> [INSTRUCTIONS FOR THE TASK]:
Data follows below. Repeat exactly the lines between the line holding "New 2026 Porsche Macan AWD/4WD image 11" and the line holding "Snapshot of alexx0904", inclusive, and nothing more; drop pictures.
── THE DATA ──
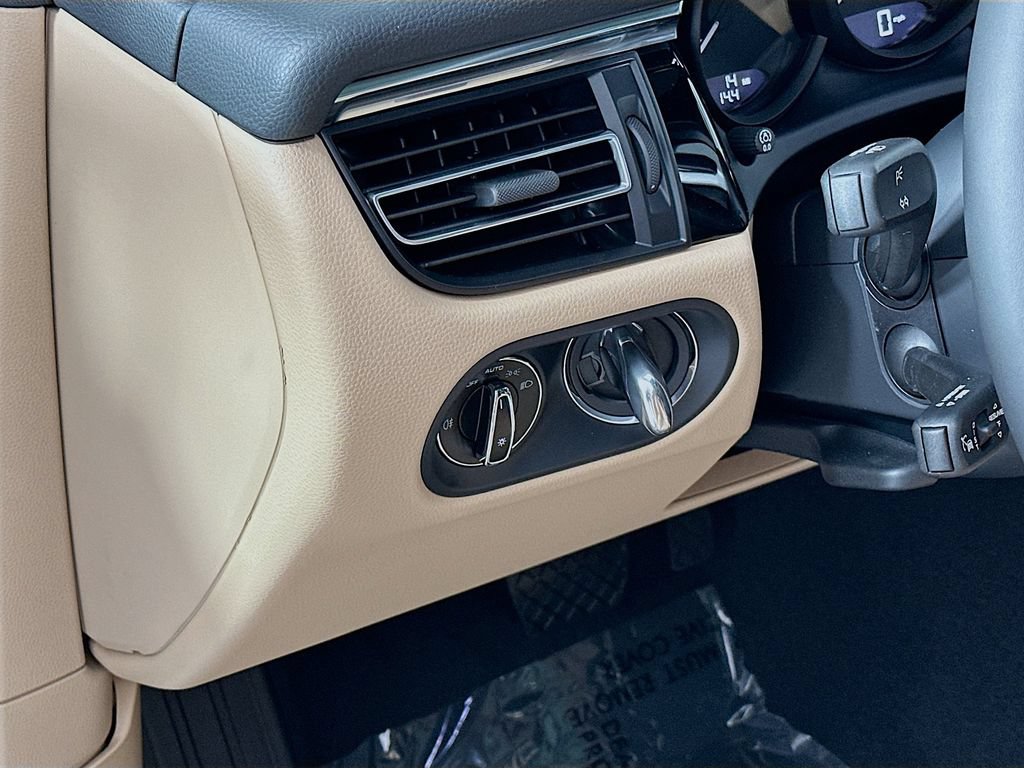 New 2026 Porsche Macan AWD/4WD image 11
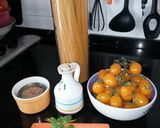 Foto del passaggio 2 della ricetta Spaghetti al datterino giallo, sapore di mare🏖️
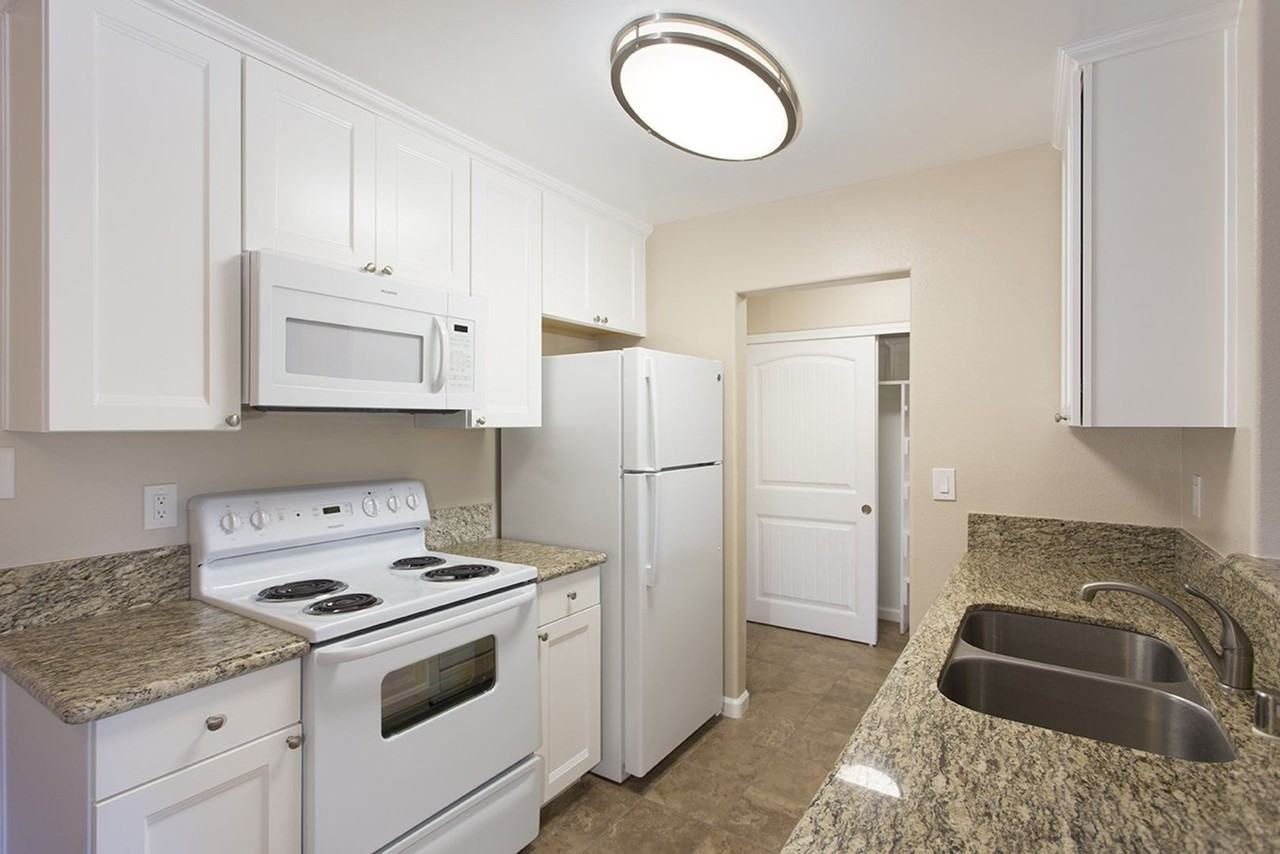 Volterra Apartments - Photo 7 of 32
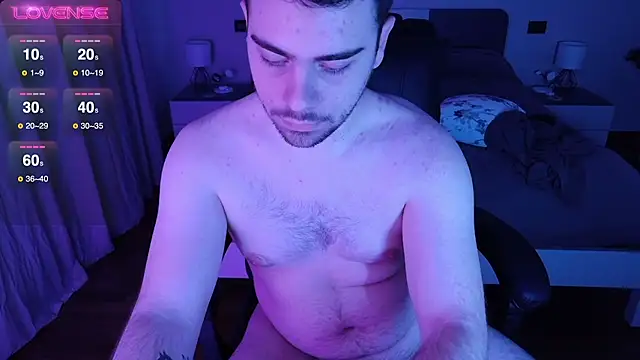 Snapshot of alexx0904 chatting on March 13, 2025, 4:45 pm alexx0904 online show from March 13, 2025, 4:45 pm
───
── THE DATA ──
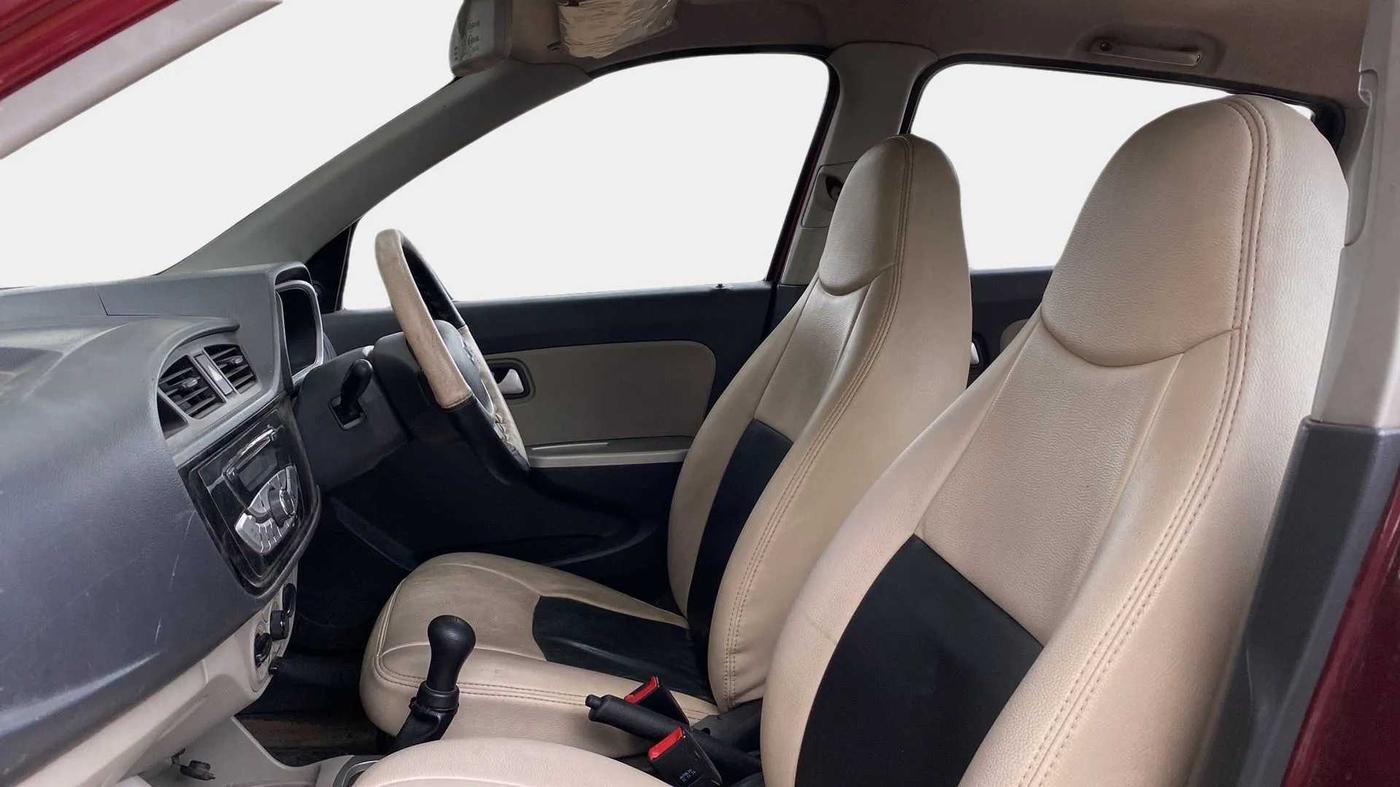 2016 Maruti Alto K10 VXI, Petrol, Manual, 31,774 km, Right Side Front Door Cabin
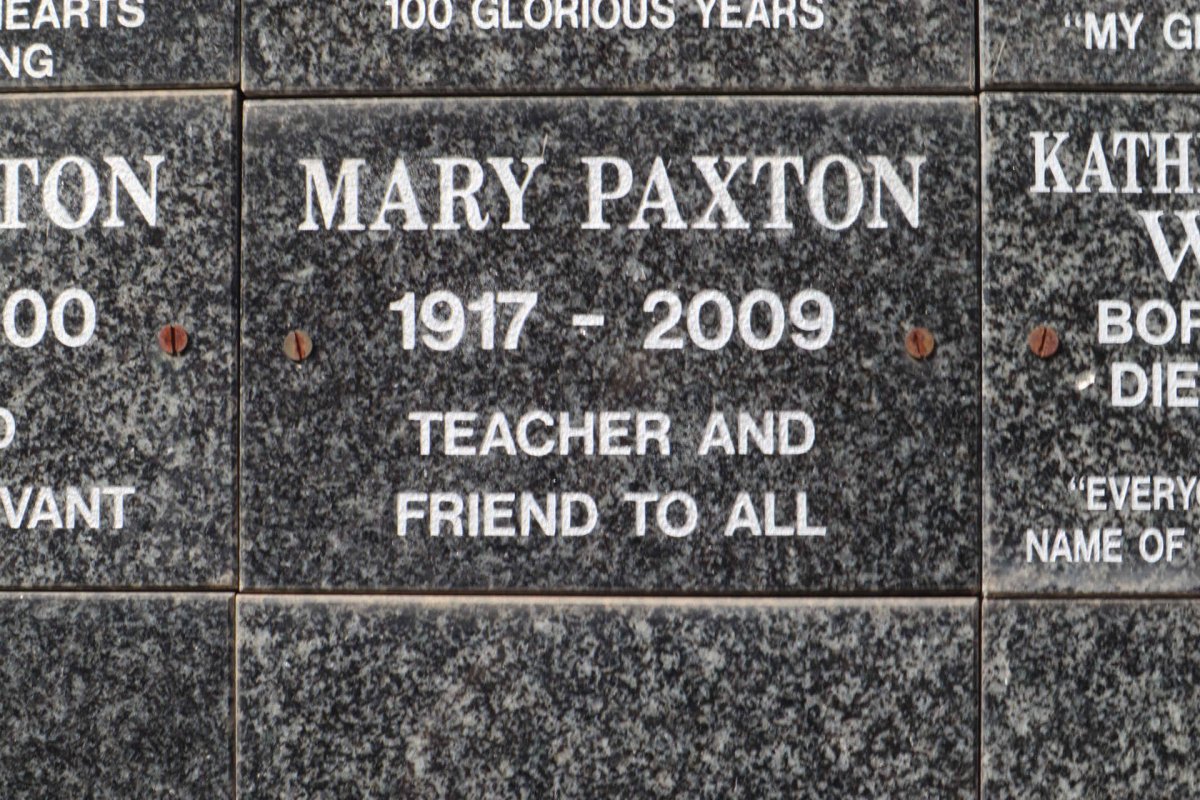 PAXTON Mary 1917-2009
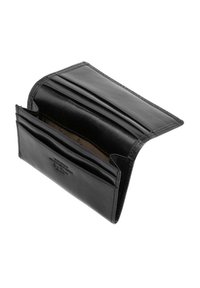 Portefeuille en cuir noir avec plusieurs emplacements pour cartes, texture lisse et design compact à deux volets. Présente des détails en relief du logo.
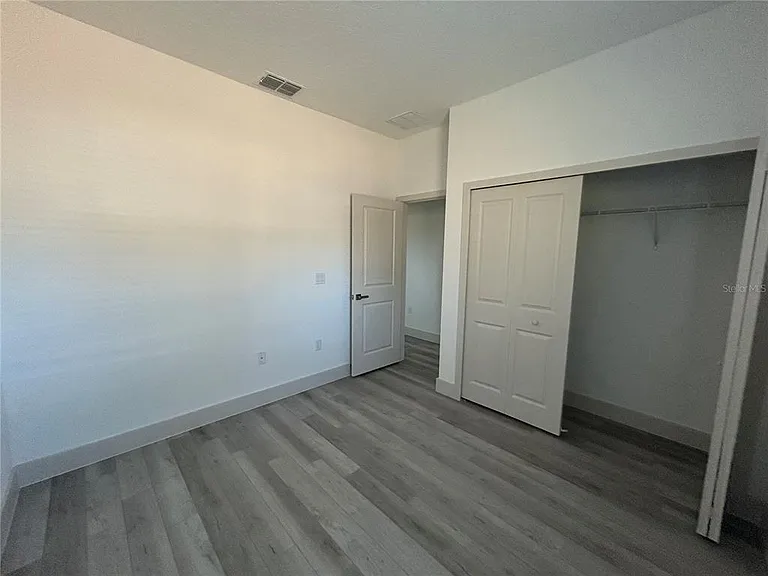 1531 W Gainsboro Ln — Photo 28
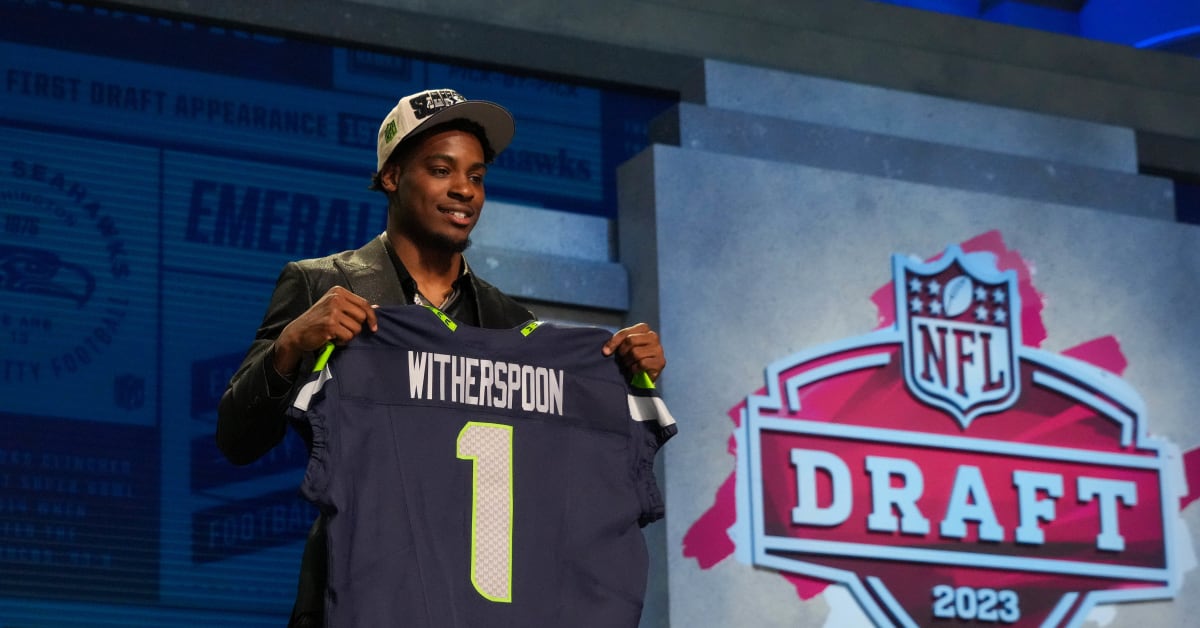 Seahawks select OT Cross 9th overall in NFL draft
───
── THE DATA ──
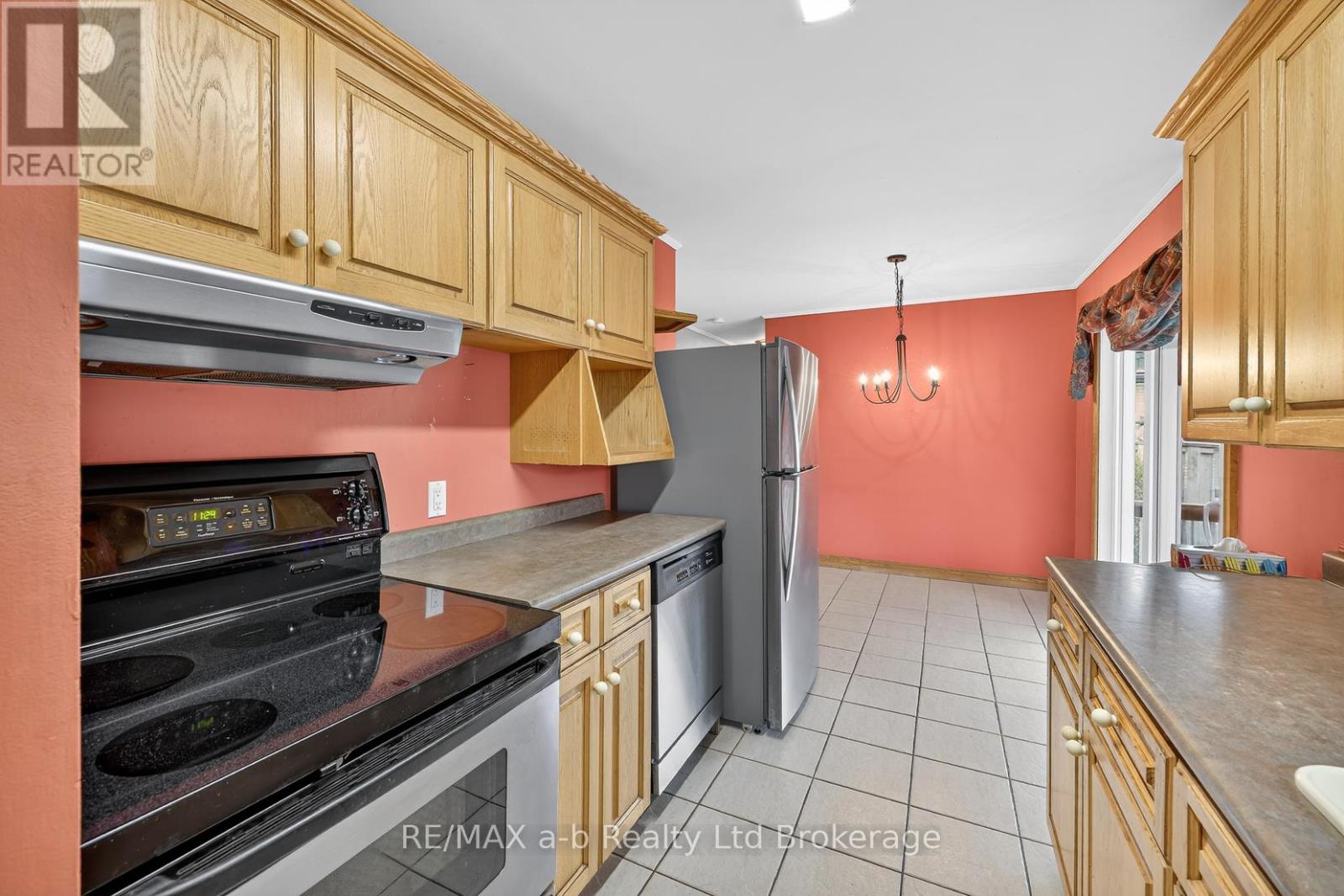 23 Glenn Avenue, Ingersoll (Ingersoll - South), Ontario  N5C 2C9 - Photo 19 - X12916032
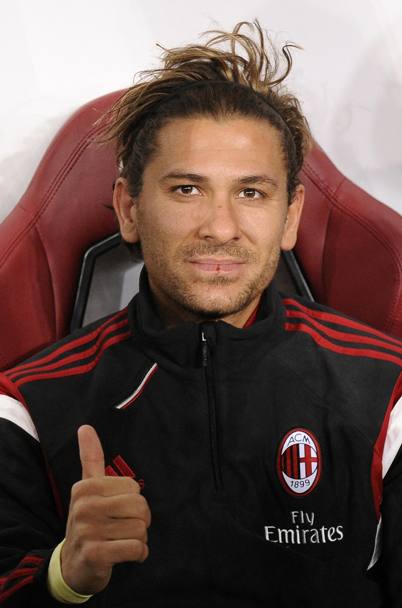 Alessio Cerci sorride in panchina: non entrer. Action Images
───
> [RESULT]:
 New 2026 Porsche Macan AWD/4WD image 11
 Foto del passaggio 2 della ricetta Spaghetti al datterino giallo, sapore di mare🏖️
 Volterra Apartments - Photo 7 of 32
 Snapshot of alexx0904 chatting on March 13, 2025, 4:45 pm alexx0904 online show from March 13, 2025, 4:45 pm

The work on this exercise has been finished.